The present invention relates generally to welding-type systems and, more particularly, to a system and method for configuring a tungsten inert gas (TIG) welding system for operation using workpiece characteristic data.
There are a large number of welding processes available for use in industry. For example, some welding processes include gas tungsten arc, oxygen gas welding, and shielded metal arc welding. The gas tungsten arc welding process is generally referred to as tungsten inert gas (TIG) welding. A typical TIG welding apparatus includes a welding component that is commonly referred to as welding torch and is designed to control a tungsten electrode during a welding process. The electrode is heated to extremely high temperatures by electrical power received from the power supply. At appropriate voltage and current, a welding arc is created between the electrode and a workpiece to be welded.
Another well-known welding system and process is referred to as metal inert gas (MIG) welding. When performing MIG welding, a consumable wire electrode is driven toward the weld location to be deposited and aid in forming the weld. In order to do so, sufficient current must be delivered by the welding-type power supply to transfer the consumable wire to the workpiece, fuse therewith, and form the weld.
Hence, to perform a MIG or TIG process, the operator must determine the appropriate operational parameters need to drive the process, such as current, voltage parameters, and/or wire feed speed (WFS). However, in the case of a TIG process, the operator must also determine additional operational parameters, such as polarity, frequency, and the like.

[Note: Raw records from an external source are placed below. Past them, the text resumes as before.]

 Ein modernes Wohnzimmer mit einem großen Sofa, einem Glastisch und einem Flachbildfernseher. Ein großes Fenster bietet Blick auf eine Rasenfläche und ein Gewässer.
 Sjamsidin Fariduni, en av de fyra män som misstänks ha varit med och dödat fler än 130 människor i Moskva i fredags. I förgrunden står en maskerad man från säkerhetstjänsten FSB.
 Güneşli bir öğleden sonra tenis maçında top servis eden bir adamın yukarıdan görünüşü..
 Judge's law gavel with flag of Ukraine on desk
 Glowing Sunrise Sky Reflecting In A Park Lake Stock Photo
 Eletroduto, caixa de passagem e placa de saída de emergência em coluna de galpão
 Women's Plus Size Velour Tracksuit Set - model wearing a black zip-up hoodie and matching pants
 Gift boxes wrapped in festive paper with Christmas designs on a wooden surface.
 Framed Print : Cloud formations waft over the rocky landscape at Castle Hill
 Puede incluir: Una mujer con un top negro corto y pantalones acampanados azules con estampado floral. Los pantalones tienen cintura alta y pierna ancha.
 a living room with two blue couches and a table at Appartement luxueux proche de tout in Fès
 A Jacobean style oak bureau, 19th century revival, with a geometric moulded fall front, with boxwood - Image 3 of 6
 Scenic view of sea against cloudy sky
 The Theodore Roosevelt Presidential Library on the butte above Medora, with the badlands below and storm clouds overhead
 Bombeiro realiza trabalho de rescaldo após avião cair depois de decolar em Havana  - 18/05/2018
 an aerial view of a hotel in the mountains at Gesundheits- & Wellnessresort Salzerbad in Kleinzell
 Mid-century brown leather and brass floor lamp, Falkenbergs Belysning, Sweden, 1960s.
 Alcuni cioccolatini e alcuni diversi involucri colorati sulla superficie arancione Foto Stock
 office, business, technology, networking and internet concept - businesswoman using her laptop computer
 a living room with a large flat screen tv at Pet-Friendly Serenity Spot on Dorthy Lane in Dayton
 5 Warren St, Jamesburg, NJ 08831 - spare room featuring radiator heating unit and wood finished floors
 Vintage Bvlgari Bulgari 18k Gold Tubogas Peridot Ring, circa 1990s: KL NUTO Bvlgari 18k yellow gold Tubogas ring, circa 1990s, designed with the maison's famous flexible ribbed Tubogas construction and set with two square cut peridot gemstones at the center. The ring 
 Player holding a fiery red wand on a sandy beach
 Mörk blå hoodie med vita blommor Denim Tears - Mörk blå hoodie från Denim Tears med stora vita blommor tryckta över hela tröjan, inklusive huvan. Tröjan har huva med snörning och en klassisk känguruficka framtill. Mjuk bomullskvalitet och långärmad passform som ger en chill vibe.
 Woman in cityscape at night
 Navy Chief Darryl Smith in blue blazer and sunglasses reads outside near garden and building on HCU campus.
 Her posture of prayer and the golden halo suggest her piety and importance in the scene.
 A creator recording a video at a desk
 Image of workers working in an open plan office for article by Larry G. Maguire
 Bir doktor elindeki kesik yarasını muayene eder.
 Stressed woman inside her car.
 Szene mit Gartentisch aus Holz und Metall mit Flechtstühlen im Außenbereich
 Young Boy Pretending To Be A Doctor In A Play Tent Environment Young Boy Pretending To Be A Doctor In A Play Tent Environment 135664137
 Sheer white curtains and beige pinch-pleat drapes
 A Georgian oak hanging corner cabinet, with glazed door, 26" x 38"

As a result, configuring and operating a TIG welding system and process is considerably more complex than other welding process, such as MIG welding process. Accordingly, TIG welding processes are generally reserved for individuals with a relatively high training and/or experience level.
Therefore, it would be desirable to have a system and method for configuring a TIG welding process without requiring the operator to have extensive knowledge of the technical considerations associated with traditional operational parameters, such as electrical properties.